**Given information:**
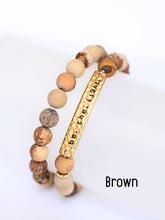 Load image into Gallery viewer, Be The Light Stone stretch bracelet set--Brown Tones
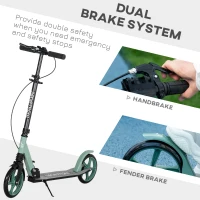 HOMCOM Folding Kick Scooter with Adjustable Handlebar, Push Scooter with Dual Brake System, Shock Absorber, 200mm Wheels & ABEC-9 Bearings, for 14+(m-6)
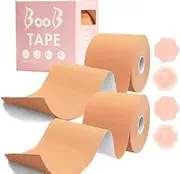 [Paloserd] Boob Tape for Breast Lift, 2 Box Breast Tape Lifting with Nipple Cover, Boobytape Nipple Tape Adhesive Push Up Tape Beige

**Task objective:**
Without the pictures, repeat the listing above exactly.

**Exercise solution:**
 Load image into Gallery viewer, Be The Light Stone stretch bracelet set--Brown Tones
 HOMCOM Folding Kick Scooter with Adjustable Handlebar, Push Scooter with Dual Brake System, Shock Absorber, 200mm Wheels & ABEC-9 Bearings, for 14+(m-6)
 [Paloserd] Boob Tape for Breast Lift, 2 Box Breast Tape Lifting with Nipple Cover, Boobytape Nipple Tape Adhesive Push Up Tape Beige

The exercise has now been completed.